Task to carry out ▸
Write the listing out again word for word. Pictures do not belong in the copy.

Supplied material ▸
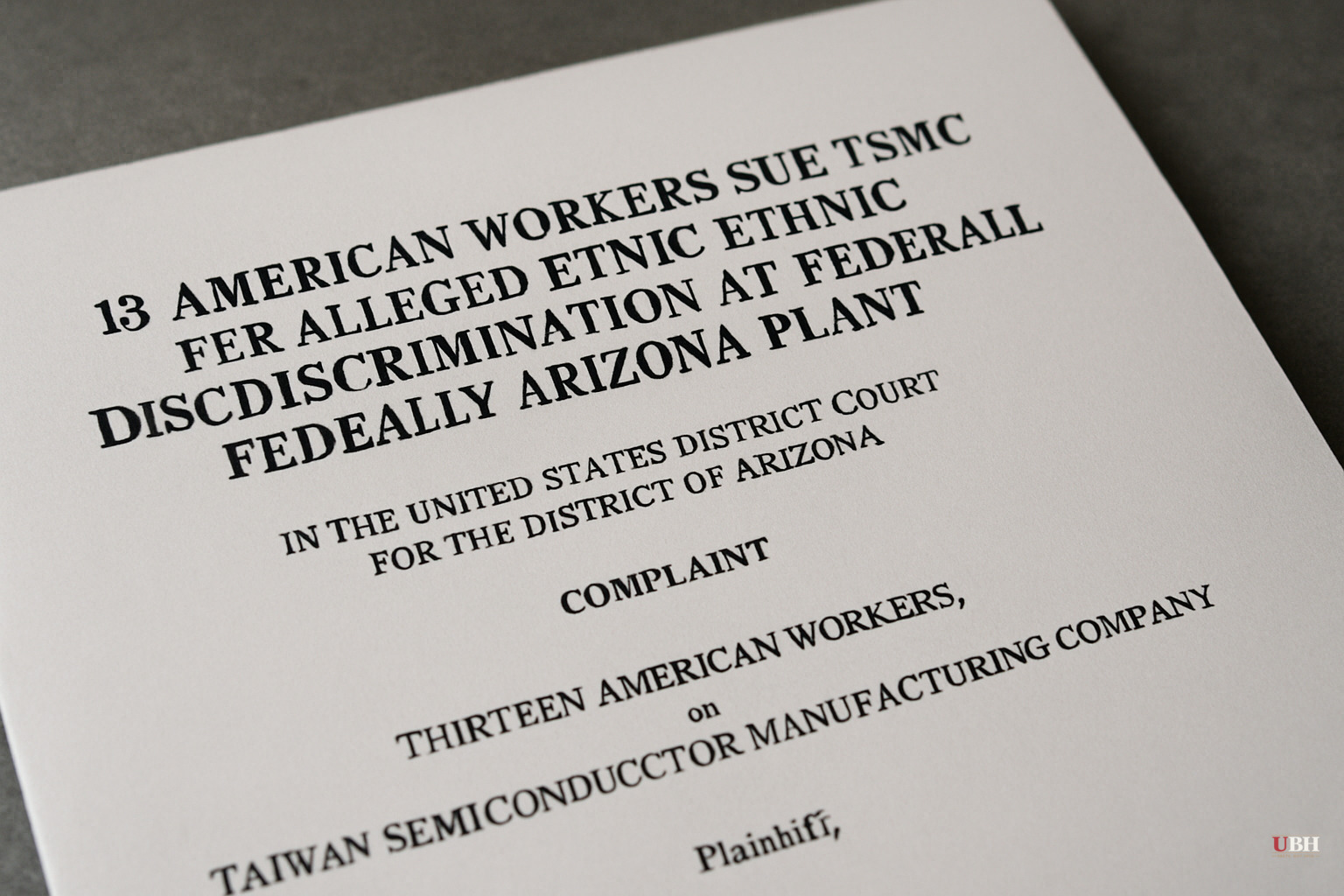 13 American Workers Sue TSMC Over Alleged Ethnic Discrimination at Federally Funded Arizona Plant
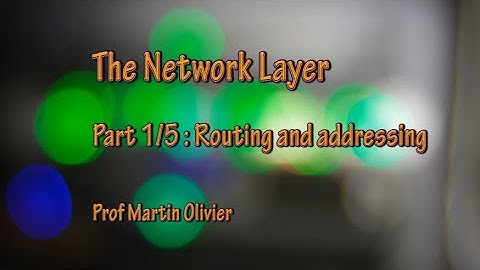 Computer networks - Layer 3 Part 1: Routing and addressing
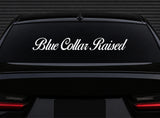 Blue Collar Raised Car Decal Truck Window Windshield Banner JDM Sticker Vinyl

Solution for this exercise ▸
 13 American Workers Sue TSMC Over Alleged Ethnic Discrimination at Federally Funded Arizona Plant
 Computer networks - Layer 3 Part 1: Routing and addressing
 Blue Collar Raised Car Decal Truck Window Windshield Banner JDM Sticker Vinyl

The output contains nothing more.